Despite the strength of the economy the Trump administration inherited, their subsequent policy agenda has weakened growth in spending by households, businesses, and governments. Federal workforce cuts, deportations and a slowdown in immigration, and chaos in trade policy have all suppressed demand growth, raising the risk of a near-term recession. Many of these weaknesses have so far been obscured by strong spending associated with AI investment. But this AI investment could be a shaky foundation for future growth, and if it contracts, the weaknesses generated by the administration’s policy choices so far could become glaring.
In the long run, these policies—as well as deficit-financed tax cuts—will also erode the economy’s ability to supply goods and services without inflation. For example, the administration’s mass deportations agenda is slowing the growth of the future U.S. labor force.
Most of all, Trump administration policies will raise inequality—the worst blow to families’ affordability. The 2025 Republican-led tax cuts favor the rich, while the spending cuts included in the same Republican megabill will sharply lower incomes for the bottom half of U.S. households in coming years. At the same time, the administration’s assaults on typical workers’ bargaining power and leverage—and its support for corporations with significant market power—will push income away from low- and moderate-income families and toward the top.

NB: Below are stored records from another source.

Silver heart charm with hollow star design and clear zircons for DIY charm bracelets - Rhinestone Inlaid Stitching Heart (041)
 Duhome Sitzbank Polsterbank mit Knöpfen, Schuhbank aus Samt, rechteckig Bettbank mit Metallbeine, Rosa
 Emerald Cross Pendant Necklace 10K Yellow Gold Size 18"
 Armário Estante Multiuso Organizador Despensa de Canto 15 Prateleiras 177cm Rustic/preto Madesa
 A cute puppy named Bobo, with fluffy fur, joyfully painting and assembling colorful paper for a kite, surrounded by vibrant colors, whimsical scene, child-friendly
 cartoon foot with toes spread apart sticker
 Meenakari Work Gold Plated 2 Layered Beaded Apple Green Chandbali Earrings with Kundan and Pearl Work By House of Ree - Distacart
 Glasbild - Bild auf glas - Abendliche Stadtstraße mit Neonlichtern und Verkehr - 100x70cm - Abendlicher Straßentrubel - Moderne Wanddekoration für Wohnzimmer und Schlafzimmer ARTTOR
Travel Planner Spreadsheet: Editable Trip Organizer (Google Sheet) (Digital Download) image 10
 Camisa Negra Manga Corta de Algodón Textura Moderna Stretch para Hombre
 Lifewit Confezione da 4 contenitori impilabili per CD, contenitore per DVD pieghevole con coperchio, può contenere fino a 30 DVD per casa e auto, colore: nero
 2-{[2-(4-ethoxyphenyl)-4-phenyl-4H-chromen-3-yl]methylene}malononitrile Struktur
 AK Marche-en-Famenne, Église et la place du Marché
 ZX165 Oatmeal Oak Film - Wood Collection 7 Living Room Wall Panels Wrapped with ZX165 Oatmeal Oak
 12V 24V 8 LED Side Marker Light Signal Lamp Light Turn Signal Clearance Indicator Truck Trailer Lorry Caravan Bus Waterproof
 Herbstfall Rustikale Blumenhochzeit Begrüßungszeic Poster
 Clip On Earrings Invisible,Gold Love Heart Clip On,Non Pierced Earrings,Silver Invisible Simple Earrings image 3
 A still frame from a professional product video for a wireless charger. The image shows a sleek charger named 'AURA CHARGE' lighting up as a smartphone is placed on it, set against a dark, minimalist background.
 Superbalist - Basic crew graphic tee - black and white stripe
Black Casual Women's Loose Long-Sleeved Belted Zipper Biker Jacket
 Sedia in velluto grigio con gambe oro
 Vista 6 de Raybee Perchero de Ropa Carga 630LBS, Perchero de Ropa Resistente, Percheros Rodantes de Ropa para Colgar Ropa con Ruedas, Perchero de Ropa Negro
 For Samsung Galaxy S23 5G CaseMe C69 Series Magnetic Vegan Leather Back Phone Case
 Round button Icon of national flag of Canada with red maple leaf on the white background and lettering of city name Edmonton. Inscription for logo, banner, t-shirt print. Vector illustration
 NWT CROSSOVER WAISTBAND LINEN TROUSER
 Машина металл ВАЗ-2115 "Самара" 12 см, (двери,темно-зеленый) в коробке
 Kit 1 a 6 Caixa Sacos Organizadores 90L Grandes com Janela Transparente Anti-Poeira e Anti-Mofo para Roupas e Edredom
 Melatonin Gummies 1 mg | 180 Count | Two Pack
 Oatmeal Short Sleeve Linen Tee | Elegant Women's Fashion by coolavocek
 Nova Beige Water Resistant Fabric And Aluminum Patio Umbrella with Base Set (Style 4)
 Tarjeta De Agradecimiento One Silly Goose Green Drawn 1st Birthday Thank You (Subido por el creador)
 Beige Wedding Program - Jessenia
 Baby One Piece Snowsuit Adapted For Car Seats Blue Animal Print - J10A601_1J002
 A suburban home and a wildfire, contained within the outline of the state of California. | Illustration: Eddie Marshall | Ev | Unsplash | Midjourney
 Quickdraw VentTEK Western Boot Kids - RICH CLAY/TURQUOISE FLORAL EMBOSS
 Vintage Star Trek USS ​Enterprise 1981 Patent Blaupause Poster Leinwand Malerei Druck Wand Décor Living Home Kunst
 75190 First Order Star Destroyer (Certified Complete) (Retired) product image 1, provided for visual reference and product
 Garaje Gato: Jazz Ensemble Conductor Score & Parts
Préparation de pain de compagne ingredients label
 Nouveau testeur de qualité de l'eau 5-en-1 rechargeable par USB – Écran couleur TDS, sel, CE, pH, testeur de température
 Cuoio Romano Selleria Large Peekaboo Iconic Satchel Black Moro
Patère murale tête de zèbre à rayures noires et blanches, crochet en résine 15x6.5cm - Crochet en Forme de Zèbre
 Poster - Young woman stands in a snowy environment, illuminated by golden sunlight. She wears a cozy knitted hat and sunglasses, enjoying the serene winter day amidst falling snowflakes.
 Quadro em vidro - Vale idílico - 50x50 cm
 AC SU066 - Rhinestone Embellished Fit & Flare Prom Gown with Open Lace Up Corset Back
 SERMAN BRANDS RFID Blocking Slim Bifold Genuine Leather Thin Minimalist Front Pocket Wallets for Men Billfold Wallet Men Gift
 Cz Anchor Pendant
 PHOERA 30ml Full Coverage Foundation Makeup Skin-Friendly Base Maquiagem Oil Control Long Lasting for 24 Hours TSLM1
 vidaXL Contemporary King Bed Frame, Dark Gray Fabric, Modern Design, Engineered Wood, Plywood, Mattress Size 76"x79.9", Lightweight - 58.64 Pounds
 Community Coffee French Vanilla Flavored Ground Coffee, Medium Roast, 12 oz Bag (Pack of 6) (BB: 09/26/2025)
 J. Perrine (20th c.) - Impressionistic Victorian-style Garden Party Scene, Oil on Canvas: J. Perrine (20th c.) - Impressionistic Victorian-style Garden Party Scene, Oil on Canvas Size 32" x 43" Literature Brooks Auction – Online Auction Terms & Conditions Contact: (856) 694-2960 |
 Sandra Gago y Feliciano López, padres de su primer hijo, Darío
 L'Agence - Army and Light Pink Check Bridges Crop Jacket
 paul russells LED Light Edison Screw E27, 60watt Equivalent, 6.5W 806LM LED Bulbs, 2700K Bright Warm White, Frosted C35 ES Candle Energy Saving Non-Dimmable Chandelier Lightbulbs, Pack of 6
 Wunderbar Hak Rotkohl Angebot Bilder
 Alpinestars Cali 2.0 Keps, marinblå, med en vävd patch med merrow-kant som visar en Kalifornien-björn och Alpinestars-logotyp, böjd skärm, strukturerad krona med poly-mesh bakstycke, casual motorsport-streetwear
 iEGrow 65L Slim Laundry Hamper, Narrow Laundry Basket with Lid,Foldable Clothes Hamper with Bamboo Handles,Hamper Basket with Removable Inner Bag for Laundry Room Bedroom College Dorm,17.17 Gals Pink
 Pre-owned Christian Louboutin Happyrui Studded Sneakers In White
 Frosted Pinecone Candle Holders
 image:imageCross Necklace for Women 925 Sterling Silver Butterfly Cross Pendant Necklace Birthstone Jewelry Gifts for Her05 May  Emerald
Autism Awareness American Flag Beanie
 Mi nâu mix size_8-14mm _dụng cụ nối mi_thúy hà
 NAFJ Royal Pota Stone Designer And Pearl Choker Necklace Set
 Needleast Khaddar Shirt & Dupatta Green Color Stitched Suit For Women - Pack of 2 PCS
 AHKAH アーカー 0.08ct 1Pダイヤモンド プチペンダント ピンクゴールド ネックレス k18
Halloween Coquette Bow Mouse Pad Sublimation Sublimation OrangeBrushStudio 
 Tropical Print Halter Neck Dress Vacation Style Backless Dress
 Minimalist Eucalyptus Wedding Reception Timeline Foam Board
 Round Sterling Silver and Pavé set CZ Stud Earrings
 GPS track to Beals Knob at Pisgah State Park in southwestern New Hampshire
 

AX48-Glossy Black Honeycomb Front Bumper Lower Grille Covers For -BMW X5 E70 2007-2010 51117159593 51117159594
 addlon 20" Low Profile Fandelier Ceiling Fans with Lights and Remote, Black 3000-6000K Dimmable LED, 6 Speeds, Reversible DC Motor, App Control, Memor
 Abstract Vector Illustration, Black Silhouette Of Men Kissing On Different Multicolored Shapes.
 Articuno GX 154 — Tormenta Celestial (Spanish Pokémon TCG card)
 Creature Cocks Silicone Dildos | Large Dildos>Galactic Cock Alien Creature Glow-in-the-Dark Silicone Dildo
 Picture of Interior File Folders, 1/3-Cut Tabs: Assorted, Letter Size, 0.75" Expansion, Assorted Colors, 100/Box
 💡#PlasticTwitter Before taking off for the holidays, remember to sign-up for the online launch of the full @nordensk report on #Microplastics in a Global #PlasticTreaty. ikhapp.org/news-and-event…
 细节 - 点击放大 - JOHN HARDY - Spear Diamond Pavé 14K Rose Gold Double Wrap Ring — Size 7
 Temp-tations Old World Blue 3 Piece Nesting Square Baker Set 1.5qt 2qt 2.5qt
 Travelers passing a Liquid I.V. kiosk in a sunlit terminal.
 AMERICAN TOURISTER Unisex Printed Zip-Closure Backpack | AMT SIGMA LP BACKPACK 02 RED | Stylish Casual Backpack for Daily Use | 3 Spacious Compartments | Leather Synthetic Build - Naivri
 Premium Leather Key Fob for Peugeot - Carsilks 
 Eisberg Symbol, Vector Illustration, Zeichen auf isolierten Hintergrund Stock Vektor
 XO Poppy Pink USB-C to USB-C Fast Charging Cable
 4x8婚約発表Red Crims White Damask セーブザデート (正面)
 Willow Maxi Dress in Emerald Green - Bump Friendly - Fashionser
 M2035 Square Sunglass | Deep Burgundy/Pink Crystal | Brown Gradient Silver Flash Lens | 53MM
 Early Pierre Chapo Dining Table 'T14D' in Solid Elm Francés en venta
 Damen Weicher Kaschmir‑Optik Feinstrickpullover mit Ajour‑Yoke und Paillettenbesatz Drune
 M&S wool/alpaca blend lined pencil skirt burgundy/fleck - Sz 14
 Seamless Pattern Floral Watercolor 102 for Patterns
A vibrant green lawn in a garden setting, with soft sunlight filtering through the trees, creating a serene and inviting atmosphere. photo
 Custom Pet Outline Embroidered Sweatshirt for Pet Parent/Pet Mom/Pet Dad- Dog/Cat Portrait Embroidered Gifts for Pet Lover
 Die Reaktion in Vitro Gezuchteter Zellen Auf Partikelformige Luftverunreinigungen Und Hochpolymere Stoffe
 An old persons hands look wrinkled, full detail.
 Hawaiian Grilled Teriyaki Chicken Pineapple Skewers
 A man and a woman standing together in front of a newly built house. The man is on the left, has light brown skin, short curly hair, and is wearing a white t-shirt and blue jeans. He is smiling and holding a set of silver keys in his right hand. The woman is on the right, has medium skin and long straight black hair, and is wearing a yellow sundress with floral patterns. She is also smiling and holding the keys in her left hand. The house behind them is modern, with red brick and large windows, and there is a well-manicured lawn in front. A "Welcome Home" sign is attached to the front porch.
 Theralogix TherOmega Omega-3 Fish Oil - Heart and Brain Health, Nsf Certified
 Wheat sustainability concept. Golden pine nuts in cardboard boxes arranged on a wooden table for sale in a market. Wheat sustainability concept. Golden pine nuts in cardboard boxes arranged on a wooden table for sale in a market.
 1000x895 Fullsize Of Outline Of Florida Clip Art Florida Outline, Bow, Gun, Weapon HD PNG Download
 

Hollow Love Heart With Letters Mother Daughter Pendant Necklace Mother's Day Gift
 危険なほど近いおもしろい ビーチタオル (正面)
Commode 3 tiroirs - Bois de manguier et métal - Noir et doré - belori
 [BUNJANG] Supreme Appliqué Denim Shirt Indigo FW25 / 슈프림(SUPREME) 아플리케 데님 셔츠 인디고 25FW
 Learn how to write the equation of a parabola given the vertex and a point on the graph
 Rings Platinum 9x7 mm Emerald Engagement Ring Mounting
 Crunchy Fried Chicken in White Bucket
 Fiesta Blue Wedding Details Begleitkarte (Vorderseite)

“Disastrous policy choices that led to excess unemployment, slower growth in the economy’s productive capacity, and rising inequality have made life less affordable for typical families in recent decades. The Trump administration’s policies double down on the worst policy decisions of this period and will make ordinary families reliably poorer in the future, even if an outright recession or spiking inflation does not happen,” said Josh Bivens, EPI chief economist and author of the report.